Barton’s words were a rare public expression of public anxiety over the first major debate since the election, and the fallout from it. “
The first three minutes of it were like nothing I’ve seen on TV before.”
Barton’s words were a rare public expression of public anxiety over the first major debate since the election, and the fallout from it.
“The moment we saw Trump, it was, ‘OK, it’s time to go and cry’,” he said.
He told ABC he was “just a bit nervous” but added that “I was able to take it”.
“It’s very rare to see an emotional crisis so early in the process,” he said, describing the emotional impact of the debate.
Barrett has also spoken publicly about his personal experience of anxiety about the election.

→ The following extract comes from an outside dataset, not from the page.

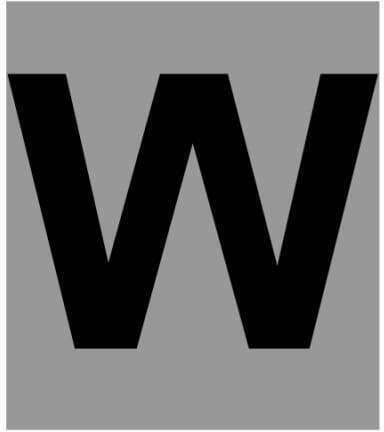Ergo "W" Sign with Text in Black Color Aluminum 4cm 572410.0085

The televangelist and author has described his anxiety as a “disease”, and has previously said the country needs a “wake up call” about the dangers of Donald Trump.
ABC’s Dan Teasdale (@DanTeasdale) September 8, 2020Barton told the ABC that “all the emotions I have were triggered” by the election result, and that his anxiety had been “really, really bad”.
He said he was in the “crisis zone” before the election and said he believed that he had suffered “a very deep emotional crisis”.
“I have been very clear that I believe that it was a disease, a malady, and I think it was probably triggered by the fact that we didn’t get the message about climate change,” he added.
Telegraph Australia’s Paul McBride reports from Melbourne.